Some drips do seem unavoidable.

The valve is only left slightly open so I'm sure there is no added cooling. It does seem to work. The other solution is to leave it completely open with a bucket under it and empty the bucket as needed.


----------



## Bob45 (Jan 22, 2007)

We have a small oil filled radiator (Bambi I think) and place it between the seats at the front of the motorhome which is the coldest part as the large windscreen is not double glazed. It has a thermostat and we often leave on all night, even in summer if it is cold. If it is really cold we put the outside screens on. 
Snug as a bug in a rug!

Bob


----------



## Nauplia (Sep 30, 2007)

*Winter Camping*

In answer to your question, our m/h is not winterised. It's a Swift Sundance which is about as basic as you get! Both the fresh water and waste water are underslung. The fresh is insulated though.

We found that the fresh water tank did not freeze but the neck of the tank protrudes into an underseat locker where the pump is located. Also there is the water heater and the trunking for the blown air heating. I cut the trunking and added an air bleed section so that the locker was always warm. This is sold by Truma. I did the same for the underbed section.

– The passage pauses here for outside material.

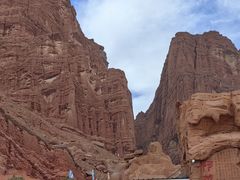 -天山神秘大峡谷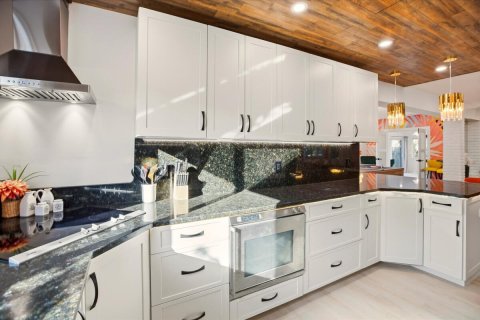 Casa en venta en Lauderdale-by-the-Sea, Florida, 4 dormitorios, 191.84 m2 № 2085087 - foto 20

The waste tank would have frozen but I left the valve wide open and put a bucket under to catch the waste. Amusingly, this froze but was easy to dump. After a week the van was surrounded by what looked like frozen sand castles. The weakness was the feed for the loo flush. This did freeze a couple of times and we had to use a jug of water from the tap. All in all we managed very well and were never cold.

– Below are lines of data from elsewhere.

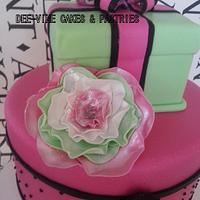 gift box pink cake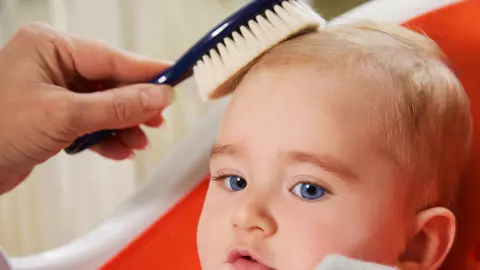 TEST: Ce știi despre părul bebelușului?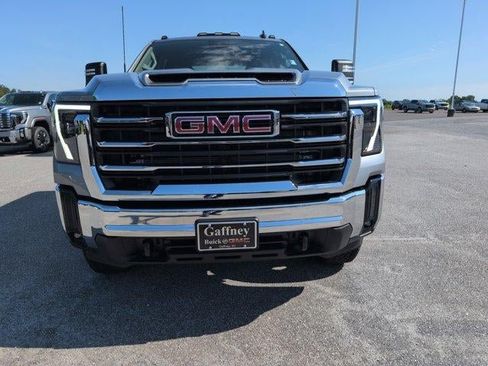 New 2026 GMC Sierra 2500 SLE w/ SLE Value Package; AWD/4WD image 11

As others have said the achilles heel is when your van is not being used. I drained the system but forgot to leave the taps open. I guess that leaving them closed caused a vacuum and the water trapped in the bathroom mixer froze and split the plastic body of the tap. An expensive lesson!

Hope this helps.


----------



## tramp (May 25, 2005)

hi kilkosy,
enjoying the van then? the "Dethleffs winter pack" is NOT available for retrofit only when stated as option as the van requires extensive fitting out at the factory to the tune of £1000 plus. Ours was done by the previous owner and is brill at -16.

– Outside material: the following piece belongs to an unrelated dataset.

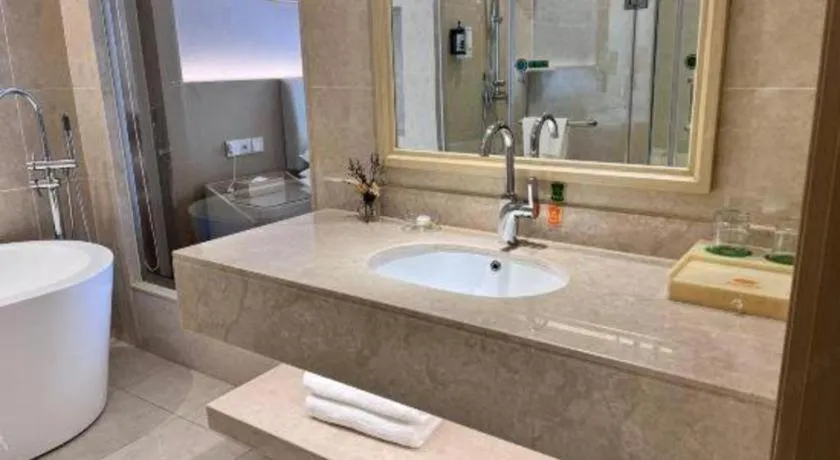 Vienna Hotel Xinfeng West High-Speed Railway Station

but seriously you dont need it just comensence we run the heating like most on gas 24/7 when below freezing as this provides warm air to all PARTS of the van as designed to , so no condensation anywhere  .

when you use electric heaters etc you run a big riskof cracking the truma heater and getting a cold bed  pay your money and get refillable gas and use the van as intended as they are tested to -25 in scananavia so a Uk winter should be no problem :wink: 

If on mains hockup the battery is recharged automatically so no probs with the blown air , off the grid you`ll need at lest 220amp capacity for long stays or just run the van engine for a hour each day to keep battery topped up.

tramp


----------



## Rapide561 (Oct 1, 2005)

*Truma*

Hi

I run my heating overnight on the EHU 1800 watt setting in winter. Never had a problem and also have the added benefit of hot water in the morning when I wake up.

Equally, I slept with the heatong on overnight on Friday on gas as I was not on EHU.

Russell


----------



## 127493 (Aug 31, 2009)

*Truma heating*

I own a bessacarr e560 and always keep the heating on at the 800 watts setting and also have a 800 watts oil filled heater for the cab end as that is the coldest due to the windscreen, but with the insulated outside winscreen cover that helps and also doesnt let any condensation build up un the winscreen.


----------